Questo è il primo episodio che troviamo nel Vangelo di Marco. Il personaggio è anonimo. “Perché Mc lo mette all’inizio?”, dobbiamo chiederci. Infatti questo episodio poteva metterlo doveva voleva, altrove, in altre parti del vangelo: “Ma perché allora lo mette proprio qui?”.

Mc lo mette qui perché questa è la chiave di lettura per accogliere Gesù. Gesù, nel brano precedente, chiama gli apostoli a diventare “pescatori di uomini” (Mc 1,17). Quindi, come abbiamo visto domenica scorsa, si trattava di salvare le persone (come si salva un uomo dall’acqua).

Cosa ci aspetteremo? Ci aspetteremo che il primo luogo da salvare sia quello dei senza-Dio, degli atei, dei lontani-da Dio, dei pagani. E, invece, no! Gesù non porta i suoi discepoli per salvare gli uomini in luoghi di malaffare o luoghi peccaminosi, ma nei luoghi di culto e nei luoghi religiosi. Sono questi gli ambiti in cui bisogna salvare gli uomini, perché questi luoghi a volte rischiano di dare la morte alle persone che li frequentano. Gesù nel suo insegnamento, vuole liberare le persone da quelle che lui denuncerà come “dottrine degli uomini”, “tradizioni degli antichi”, che nulla hanno a che fare con la volontà di Dio.

 

1,21Giunsero a Cafàrnao e subito Gesù, entrato di sabato nella sinagoga, insegnava.

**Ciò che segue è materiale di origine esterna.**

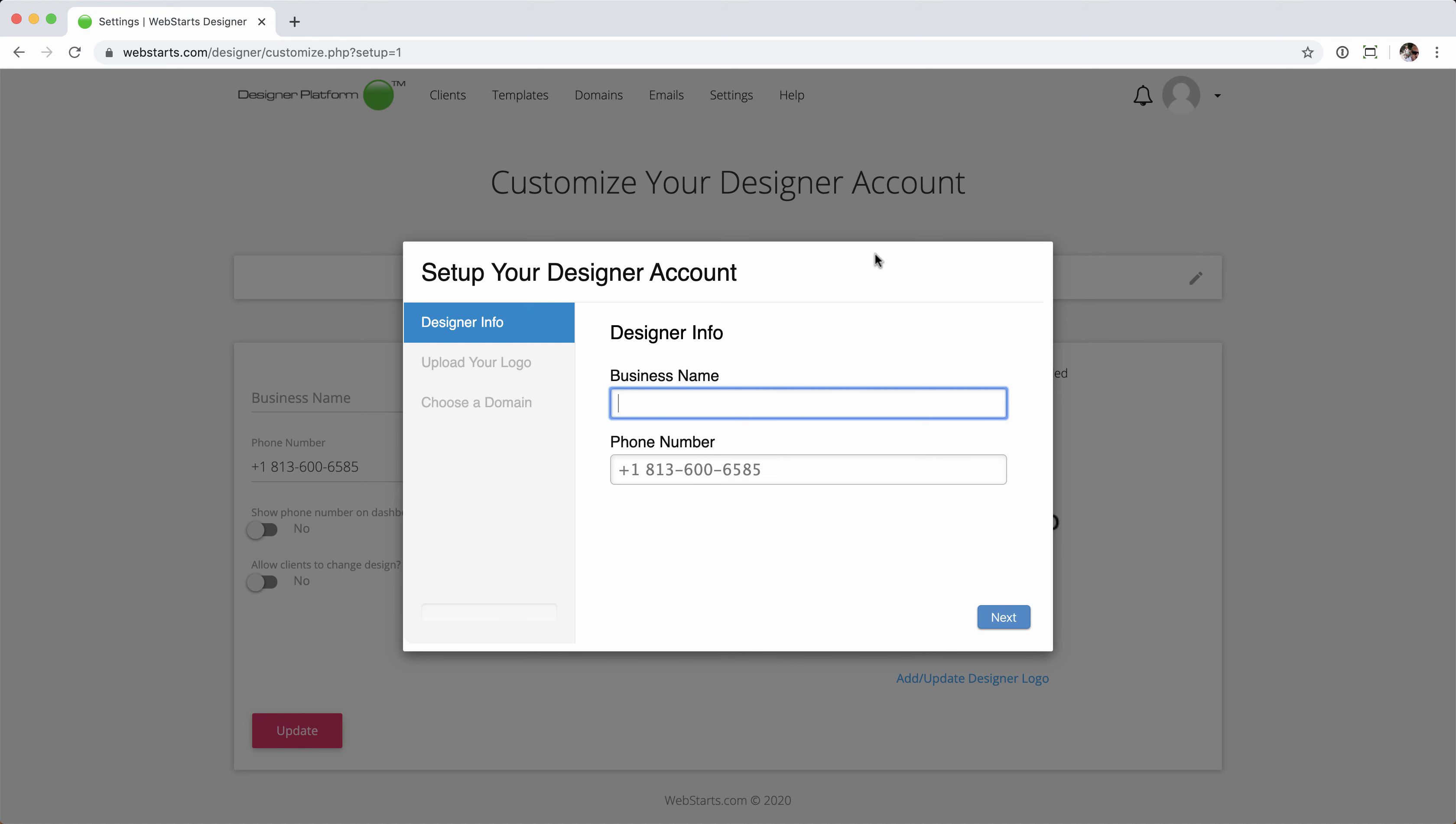Step one, we'll enter the designer info, starting with my business name. For this example, we're going to enter Steve Design Services. We'll leave my phone number, but you're free to use any number you wish for your design services. Click Next when you're ready.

GIUNSERO A CAFARNAO=chi sono quelli che arrivano a Cafarnao? Quelli del brano precedente: Gesù e i quattro primi discepoli. Cafarnao è la città dove Gesù deve aver vissuto da grande.

 

ENTRATO DI SABATO NELLA SINAGOGA=nella sinagoga (syn-ago=con-venire; ek-kaleo da cui ek-klesia=chiamare) si andava di sabato e Gesù, come ogni buon ebreo ci va.

I luoghi frequentati da persone religiose saranno per Gesù quelli più pericolosi. Gesù tre volte andrà nella sinagoga: 1. qui e verrà interrotto; 2. in Mc 3,1-6 dove tenteranno di assassinarlo e 3. in Mc 6,1-6 nella sinagoga della sua città dove i suoi paesani, i suoi amici, lo prenderanno per matto. E quando andrà nel tempio (Mc 11,18), il tempio è il luogo della presenza di Dio sulla terra, cercheranno in tutti i modi di assassinarlo.

E’ interessante che sia di sabato perché la legge prescriveva: “Nessun lavoro il sabato!”, neanche guarire. Infatti la prossima volta, vista la sua guarigione di sabato (3,1-6), i farisei e gli erodiani decidono di metterlo a morte.

 

INSEGNAVA=Gesù, Mc lo fa capire bene, non ci va per pregare o per partecipare al culto, ma per insegnare.

Ma se Gesù sa l’ostilità che c’è nella sinagoga, perché ci va? Questo è importante: Gesù non partecipa mai ai culti della propria religione. Gesù non va nella sinagoga per pregare o per le liturgie: lui ci va per insegnare.

Questo vuol dire che c’è un modo di pregare e di fare liturgia che non interessa a Dio. Se la preghiera e la liturgia, infatti, non diventano vitalità, amore concreto, passione, scelte, decisioni, coraggio, guarigione, fiducia, apertura, solidarietà, non interessano a Dio.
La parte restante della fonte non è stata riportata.